§ **TASK TO COMPLETE**:
Reproduce, exactly and in full, the lines from the one with "einem Einmachglas Jemand" through the one with "Festlig borddekking med" in the data below; drop pictures.

┌─ MATERIAL SUPPLIED

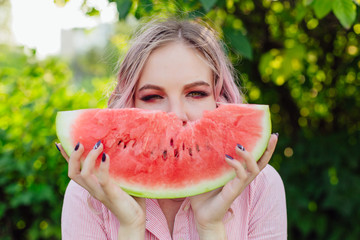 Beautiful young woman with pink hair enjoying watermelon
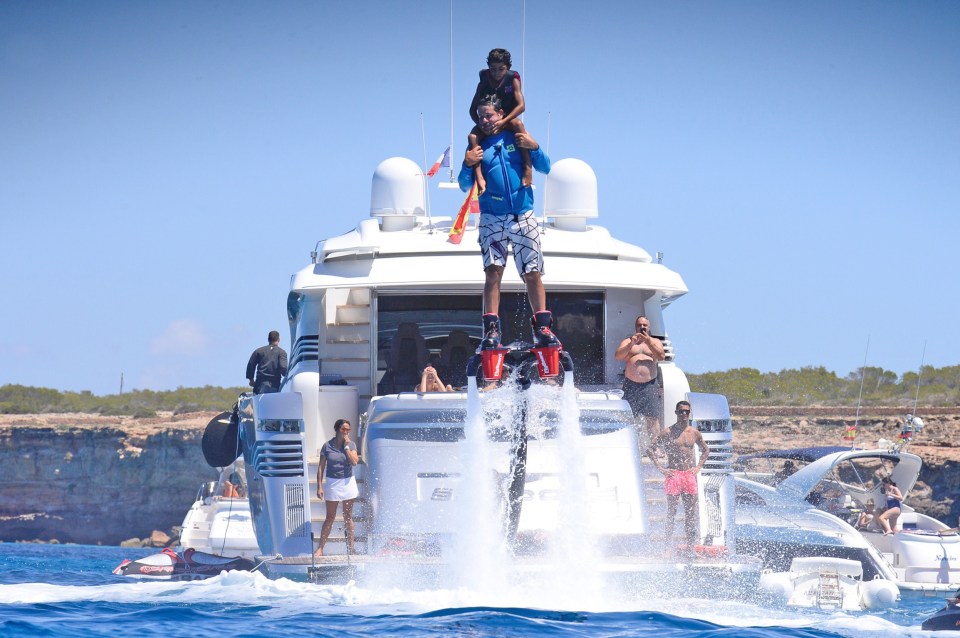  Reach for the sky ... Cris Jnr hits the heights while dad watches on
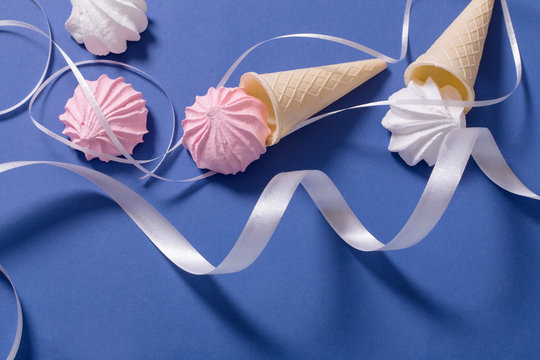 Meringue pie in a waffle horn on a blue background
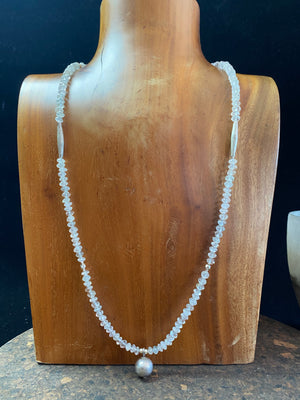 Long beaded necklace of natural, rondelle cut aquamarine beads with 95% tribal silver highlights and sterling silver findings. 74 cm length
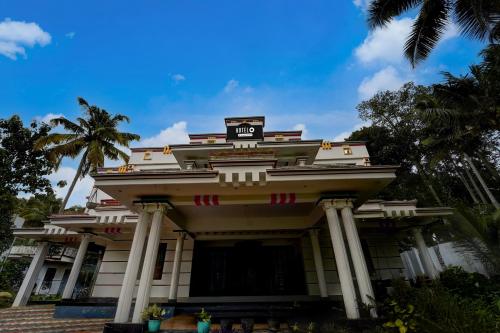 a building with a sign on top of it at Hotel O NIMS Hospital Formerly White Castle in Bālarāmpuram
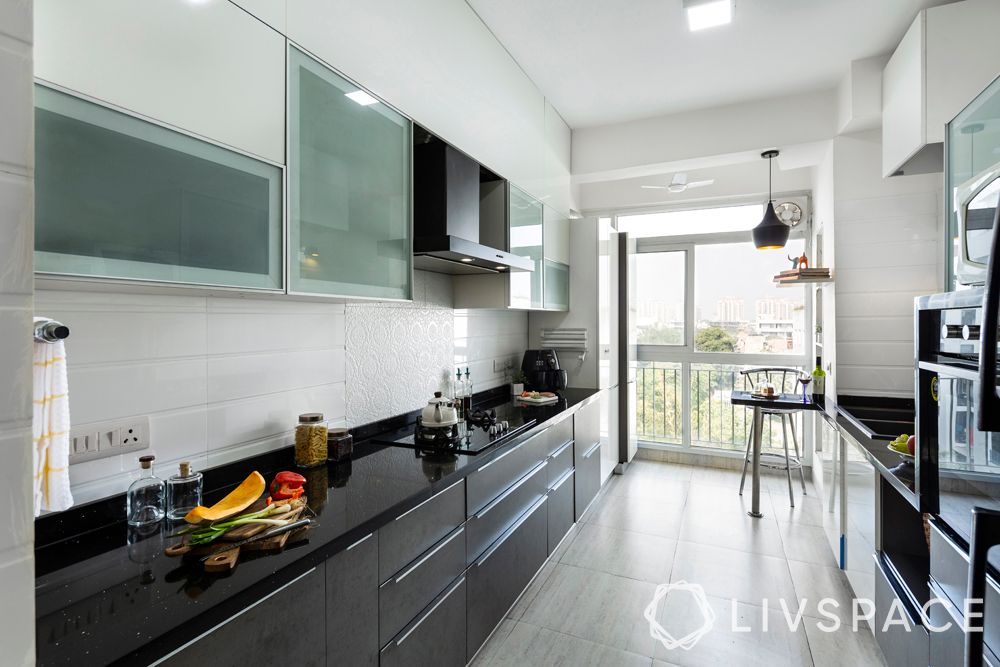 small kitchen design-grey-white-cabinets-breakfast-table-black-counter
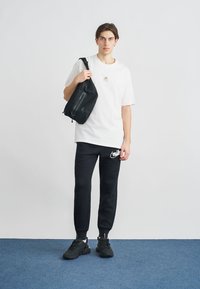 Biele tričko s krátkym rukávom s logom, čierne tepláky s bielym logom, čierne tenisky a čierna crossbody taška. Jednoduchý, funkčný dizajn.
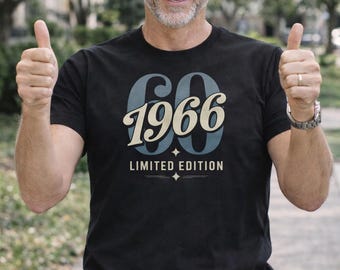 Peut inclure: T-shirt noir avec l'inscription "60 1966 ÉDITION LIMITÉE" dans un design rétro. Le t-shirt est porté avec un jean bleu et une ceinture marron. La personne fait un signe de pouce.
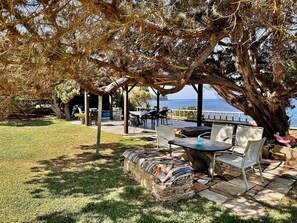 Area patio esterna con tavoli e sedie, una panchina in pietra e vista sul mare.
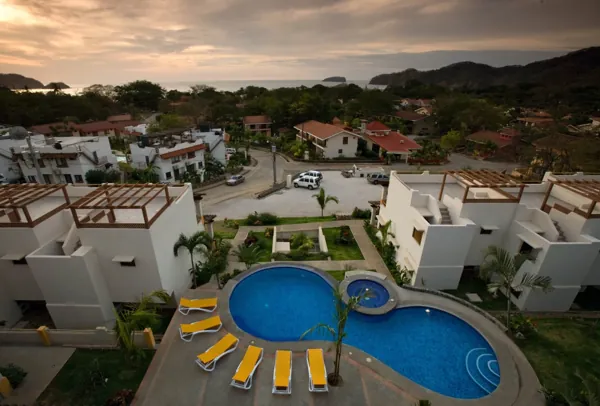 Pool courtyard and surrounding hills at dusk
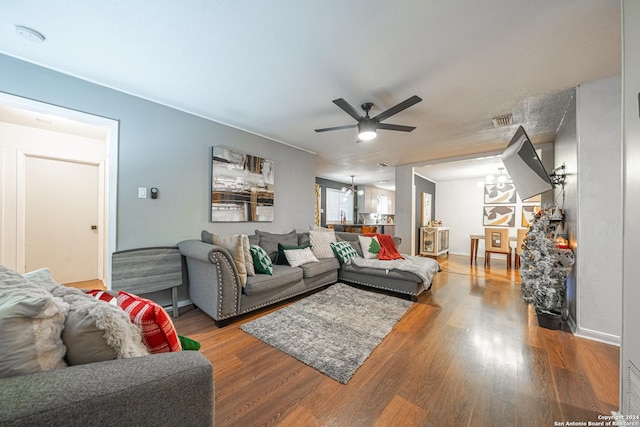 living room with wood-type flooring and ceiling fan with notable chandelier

└─
┌─ MATERIAL SUPPLIED

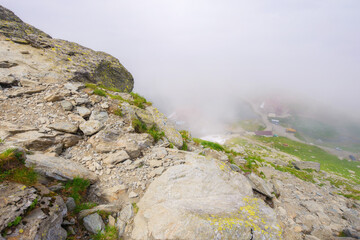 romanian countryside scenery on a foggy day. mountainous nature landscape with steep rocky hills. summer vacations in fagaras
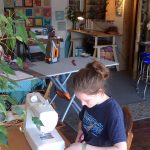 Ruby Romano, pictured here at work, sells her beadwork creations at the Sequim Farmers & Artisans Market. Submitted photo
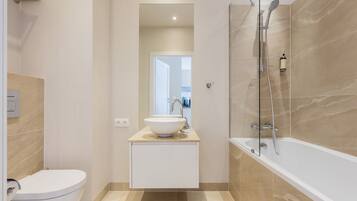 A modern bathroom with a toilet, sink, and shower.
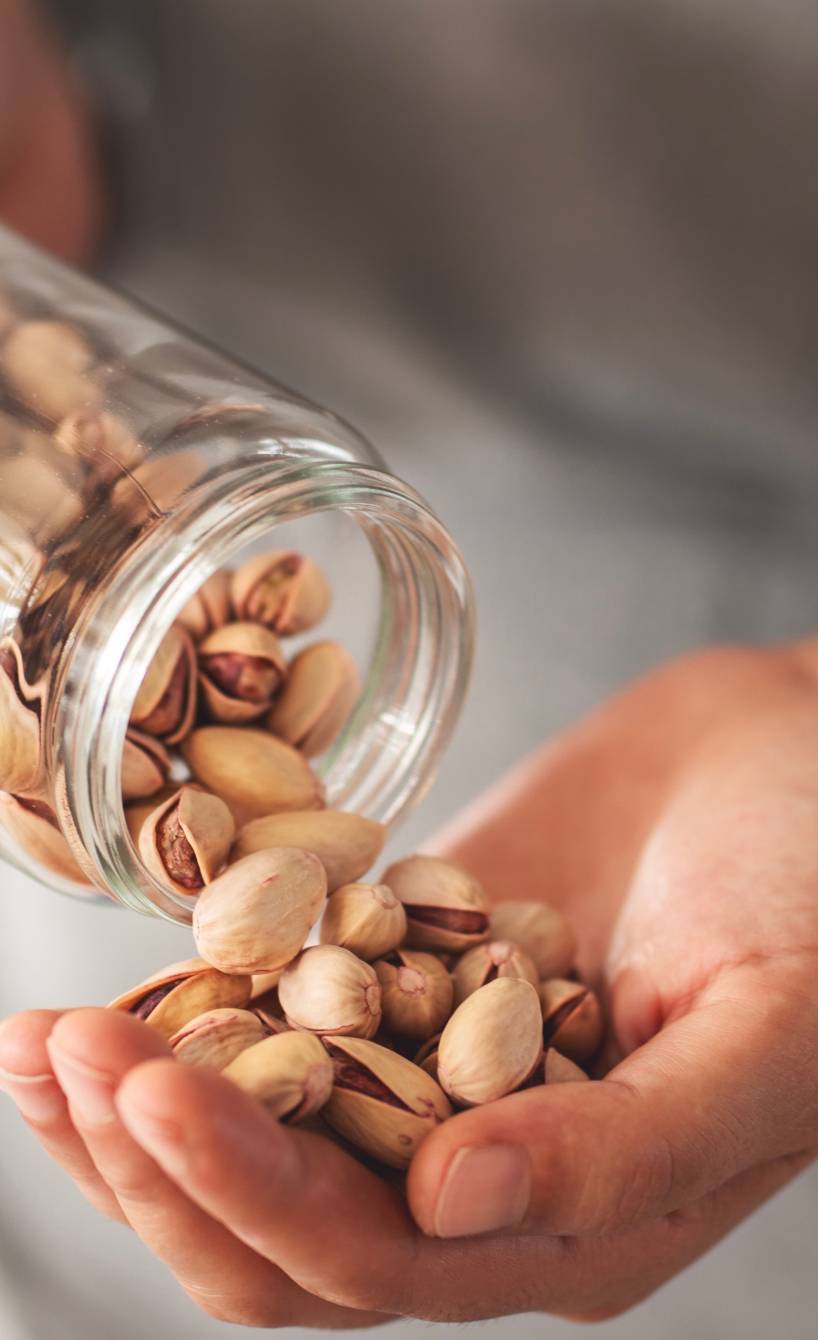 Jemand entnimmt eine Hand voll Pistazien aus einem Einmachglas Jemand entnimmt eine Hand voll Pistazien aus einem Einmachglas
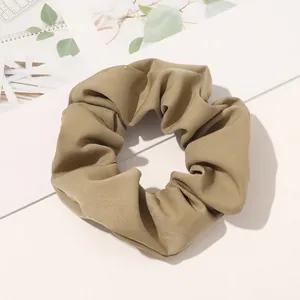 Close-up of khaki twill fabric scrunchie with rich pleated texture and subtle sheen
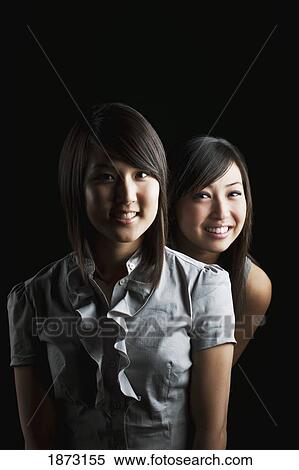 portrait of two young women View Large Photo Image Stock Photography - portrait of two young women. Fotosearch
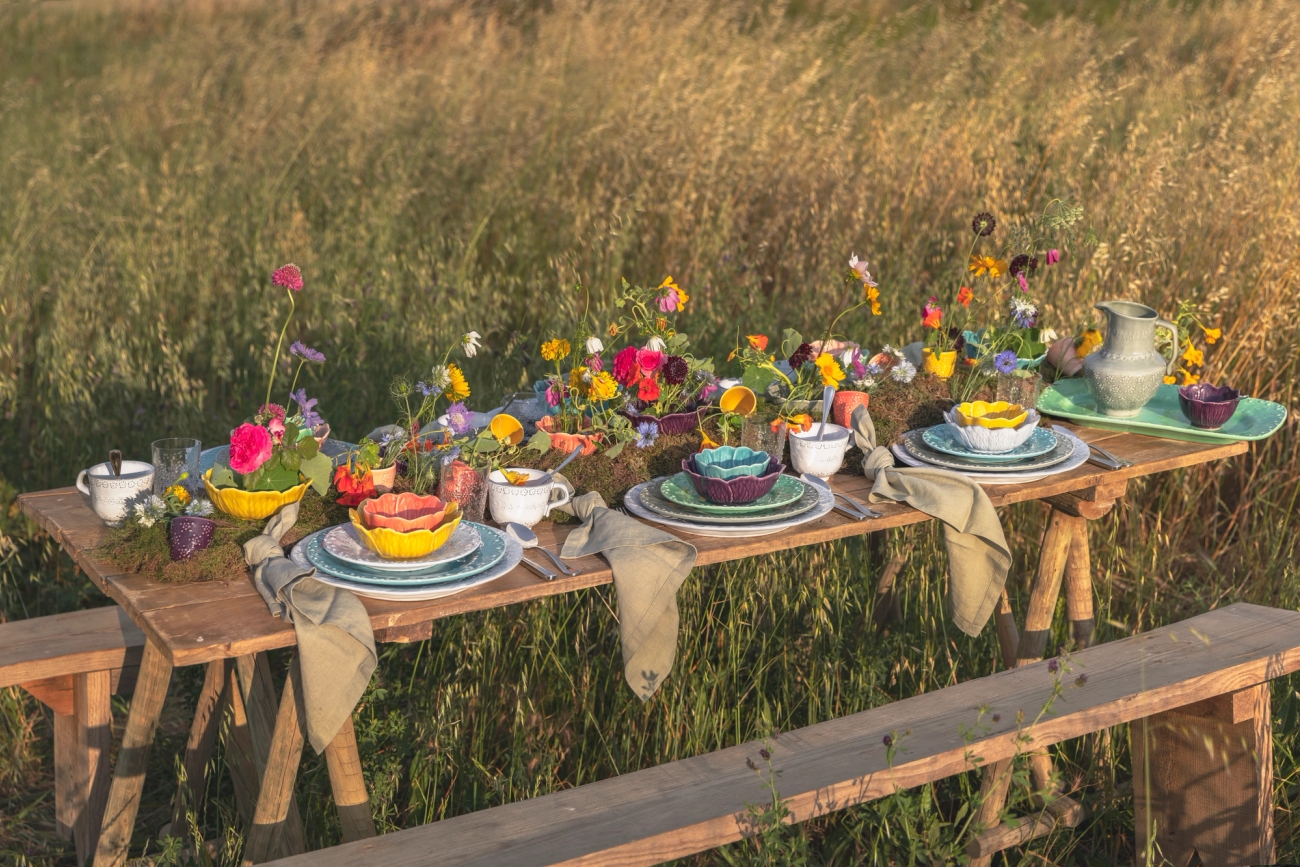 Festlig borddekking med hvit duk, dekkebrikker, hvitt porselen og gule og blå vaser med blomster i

└─
┌─ MATERIAL SUPPLIED

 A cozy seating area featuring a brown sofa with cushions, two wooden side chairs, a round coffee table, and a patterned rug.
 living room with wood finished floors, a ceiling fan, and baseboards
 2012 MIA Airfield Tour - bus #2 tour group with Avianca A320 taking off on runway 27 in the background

└─

§ **SOLUTION FOR THIS TASK**:
 Jemand entnimmt eine Hand voll Pistazien aus einem Einmachglas Jemand entnimmt eine Hand voll Pistazien aus einem Einmachglas
 Close-up of khaki twill fabric scrunchie with rich pleated texture and subtle sheen
 portrait of two young women View Large Photo Image Stock Photography - portrait of two young women. Fotosearch
 Festlig borddekking med hvit duk, dekkebrikker, hvitt porselen og gule og blå vaser med blomster i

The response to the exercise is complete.